Bagi seorang Naomi Klein penanganan bencana tidak bisa lagi dilihat sebagai seperangkat tindakan teknikal dengan balutan rasa kemanusiaan dan kepekaan sosial. Ia memandang secara kritis penanganan bencana di masa globalisasi dan pasar bebas yang bebas kendali sebagai laboratorium bagi eksperimen ekonomik dan ekonomi-politik, yang diperkenalkan dan persebarannya terus diperluas oleh para cantrik Milton Friedman. "Ajaran itu selalu butuh situasi trauma kolektif dengan luasan pengaruh dan dampak yang besar, sehingga hal-hal yang dulu dianggap tabu dan tidak mungkin menjadi suatu keharusan, atas nama keadaan darurat," tulis Naomi.

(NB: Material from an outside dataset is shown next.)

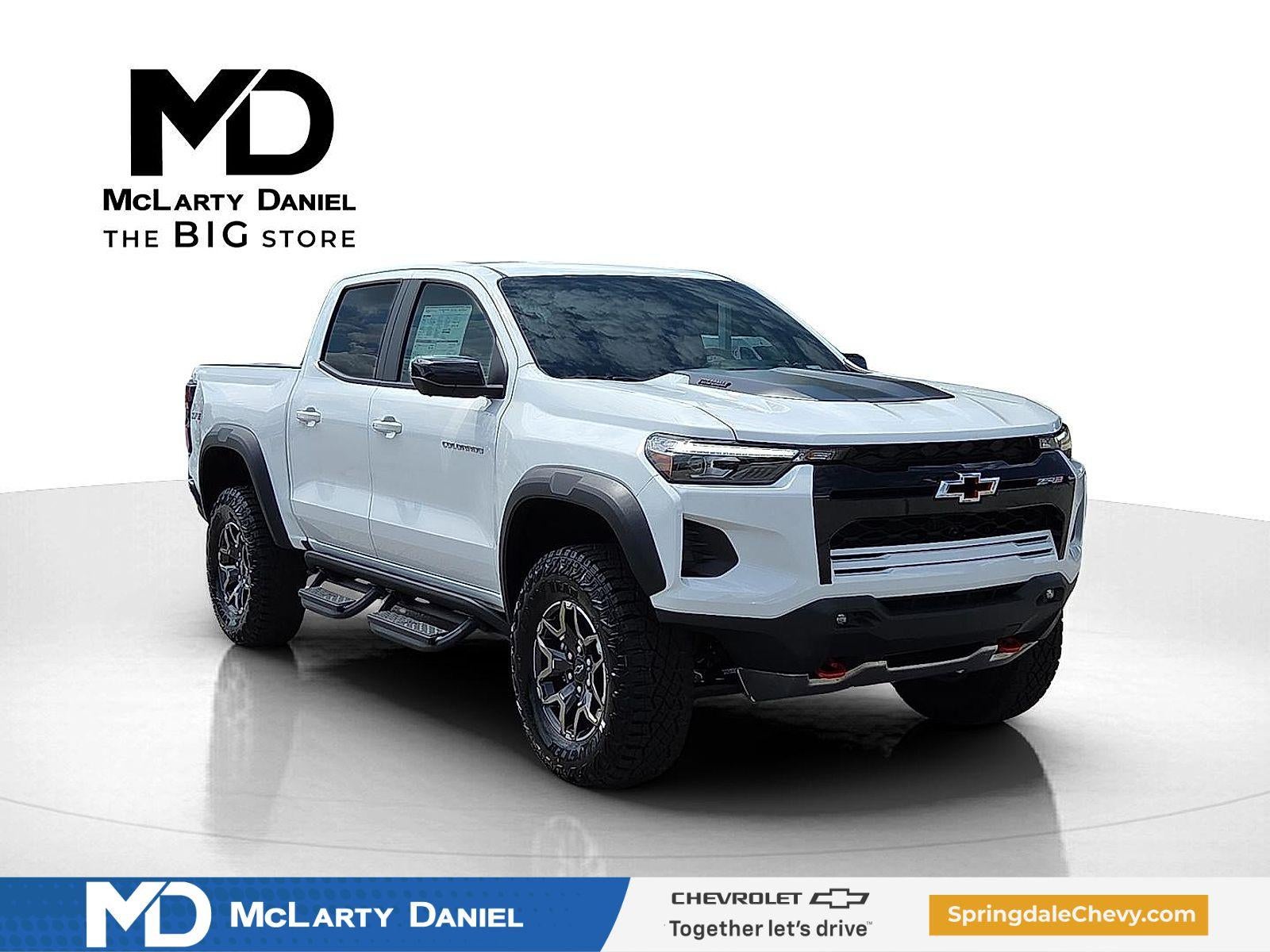 2026 Chevrolet Colorado ZR2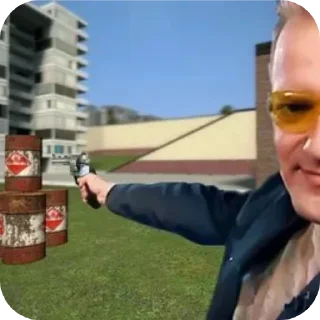 Стикер Приколыши всякие? - 11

Tidak tanggung-tanggung, Naomi Klein pun menelusuri sejarah riset dan pengembangan instrumen penyiksa untuk kepentingan interogasi militer dan intelijen di Amerika Serikat, bahkan mundur hingga masa Perang Dunia ke-2, dengan thesis, ada kesamaan yang gamblang antara asumsi dasar teori dan ajaran Friedman dengan tujuan pencpitaan alat-alat siksa tersebut: Trauma, disorientasi dan sikap menyerah sebagai sebuah lembar kertas kosong yang siap diisi dengan tulisan atau gambar apa saja, sekendak kita. Saya pun teringat pengalaman diri ketika melakukan riset tentang resiko kebijakan dan tindakan rehabilitasi tsunami Aceh dan Nias awal tahun 2005 hingga pertengahan 2006.

Niat tulus manusia dari berbagai belahan bumi di awal pasca-kejadian mengharukan saya. Sesuatu yang tak-terbantahkan. Praduga negatif pun menjadi hal yang tak perlu ketika wilayah Aceh dan Nias masih berantakan, dengan suasana muram dan sedih serta bau anyir dan amis kematian. Orang-orang yang menonton tayangan di televisi tentang dahsyatnya tsunami yang menghantam wilayah Aceh, hasil rekaman warga korban, tergerak menyumbangkan apa saja yang mereka miliki. Uang, barang, (waktu, tenaga, keahlian) bahkan hingga doa yang tulus. Demikian halnya dengan orang-orang di Indonesia, yang bermimpi pun tidak untuk menjejakkan kakinya di bumi Serambi Mekah, karena di masa lalu wilayah ini senantiasa dicitrakan oleh pengurus Negara sebagai daerah berbahaya, mendidih dan terus-menerus dirundung konflik bersenjata.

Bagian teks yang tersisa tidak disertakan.